- Promotional poster for special
- Directed by: Paul Dugdale
- Starring: Dua Lipa
- Country of origin: United Kingdom
- Original language: English

Production
- Executive producers: Peter Abbott; Dua Lipa; Dukagjin Lipa; Ben Winston; Sally Wood;
- Production location: Royal Albert Hall
- Camera setup: Multi-camera
- Production companies: Fulwell 73; Radical22;

Original release
- Network: ITV1
- Release: 8 December 2024

= An Evening with Dua Lipa =

2024 musical television special

An Evening with Dua Lipa is a television special by English singer Dua Lipa. The programme aired on British broadcast network ITV1 on 8 December 2024. Consisting of solo performances and a duet with British singer Elton John, it was part of the promotion for Lipa's third studio album Radical Optimism (2024).
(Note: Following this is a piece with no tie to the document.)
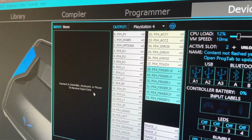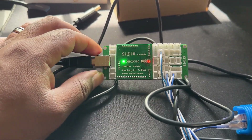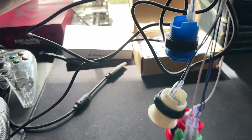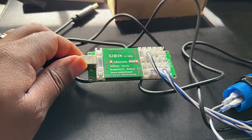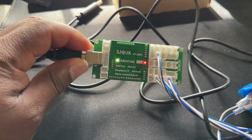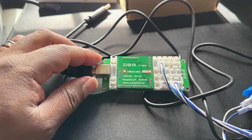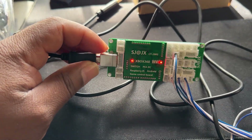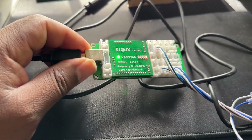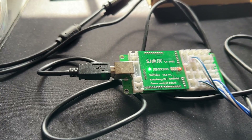After some tinkering and testing, I found out that this encoder does not put out an authentic signal. I have the SJJX encoder board plugged into the Cronus Zen right here, and this is one of the reasons why I've said before you have to be careful about fight sticks and controllers out there. I thought this would put out an authentic signal, but unfortunately the Cronus Zen determined otherwise. I did alert the Cronus Zen team about this. If you plug this directly into your Xbox 360, it's not truly putting out an authentic signal.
The special was recorded on 17 October 2024 at the Royal Albert Hall in London, England.

The programme also aired on American broadcast network CBS and simulcast through streaming service Paramount+, on 15 December 2024. Lipa was accompanied onstage by a 53-piece orchestra and musicians related to the singer, most notably the Heritage Orchestra. Before the programme's broadcast, Lipa released an accompanying live album on 6 December 2024 through Warner Records.

== Development ==
On 13 March 2024. Dua Lipa unveiled her third studio album, titled Radical Optimism (2024), throughout social media. The project is inspired by Lipa's hometown, London, for its "confidence and freedom of 90s Britpop". The concept was introduced by a close friend, with Lipa capturing "essence of youth and freedom" so she can incorporate in her recording sessions. Afterwards, the singer announced her third concert tour in support of the album on 18 March.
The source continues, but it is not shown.